Practices need more than just bodies to key claims information into a computer. Stanching the flow of denials requires using judgment regarding individual circumstances and consistent follow-through.

"Split up denials by carrier categories: major carriers, the Blues, Medicare/Medicaid," suggests Richardson. Manag-ing denials this way allows one person handling a particular carrier to learn what that carrier's denials mean, and it creates accountability within the practice. If a patient asks why a certain claim has not been paid, the physician will know where to turn for an accurate answer. Likewise, if coding problems consistently generate denials, claims staff should advise physicians how to remedy the situation.

Prioritizing will send easy-to-handle matters out the door swiftly. Some denials require research, but even these tend to fall into recurring categories. "Quickly categorize denials: those that require research, those that are quickly handled, those that require a call to the patient or carrier verifying eligibility," Richardson recommends. "You want to work the ones that could eventually mean money first."

Reagan suggests creating form letters for recurring denials - for example, explaining that a claim is not a duplicate but includes an additional service, like an injection, that wasn't charged on the original claim. Then an appeal will simply require filling in a few details and adding documentation. "Printing off a quick letter is far less time-consuming than accumulating hundreds of individual items, compiling them, and sending them to the payer," says Reagan.

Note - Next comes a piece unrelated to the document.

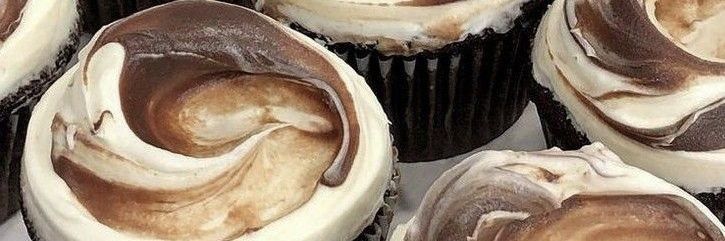 𐔌 𝐁𝖾𝗒α 𐦯 banner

And, she adds, by handling claims individually, you are more likely to be paid quickly.

Be sure to spend the most energy on bringing in revenue. "Weigh the cost benefit," Reagan advises "A $5 claim probably is not worth pursuing, but $5,000 is probably worth it. You have to decide where you're going to draw the line. That often comes at around $75 or $100, particularly if it is a recurring problem."

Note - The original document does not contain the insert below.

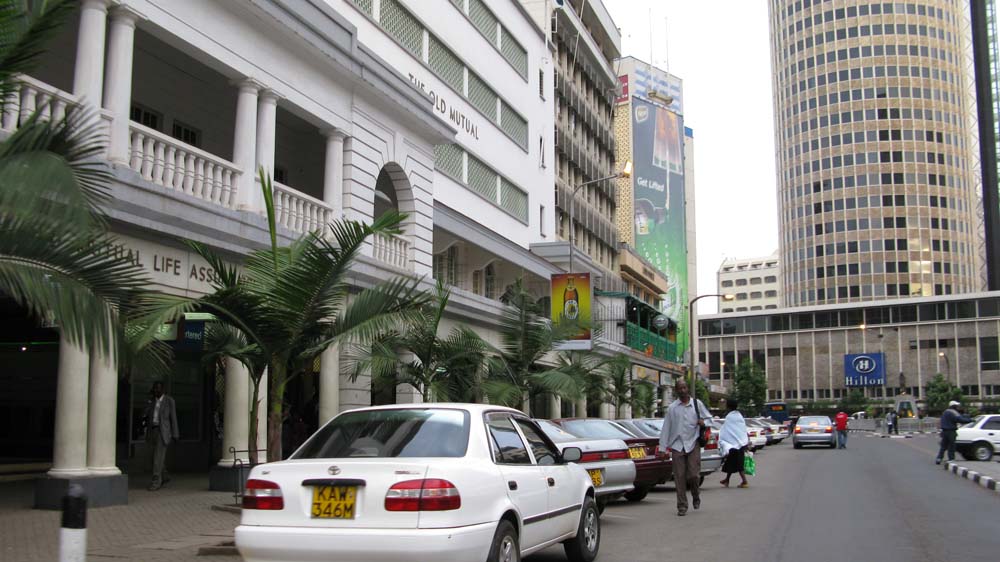 Nairobi, Kenya: IMG_2655.jpg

Certainly, it is better to sort claims by their value and start working through the biggest claims first. Some practices sort by patient name - but by doing so, they may never get to the really big claim at the bottom of the pile.

Lessons learned

Although they can be time-consuming and frustrating, claims denials can be a learning tool. "If you are trying to figure out which diagnosis codes pay and which deny, you can find out by watching your denials," says Richardson. "In a specialty practice, every time you use a certain code combination, it might cause a denial such as 'not medically necessary.'" Staff should let physicians know not to use those risky code combinations - and what to do instead.

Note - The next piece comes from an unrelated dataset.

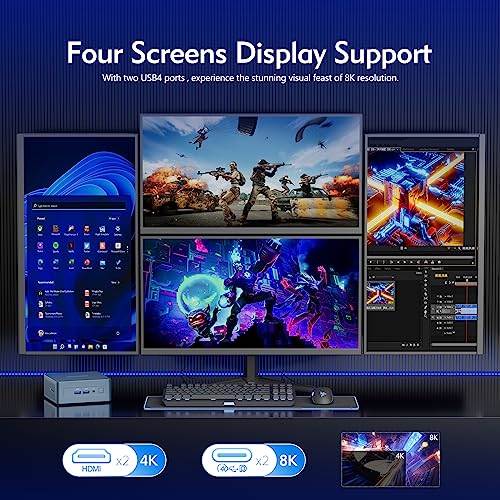 51bLs8eMMoL 51bLs8eMMoL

If you don't use an electronic tracking system, a log can help you track denials to identify which staff are generating too many errors, says Elizabeth Woodcock, director of knowledge management for Physicians Practice Inc. If you learn that 50 percent of your denials come from the front desk - a number Woodcock says is typical - you can focus there to prevent future problems. "The key is being proactive, not reactive," Woodcock explains. "You must fix the root problem."

And remember, claims processors on the payer side are human, too. Try an old-fashioned conversation to solve a problem. "If you see a pattern, go to the claims director and say, 'How can we solve this problem systematically rather than on an ad hoc basis?'" Reagan suggests. "People often don't take the obvious step of picking up the phone and talking to someone who can commit to a [resolution] process."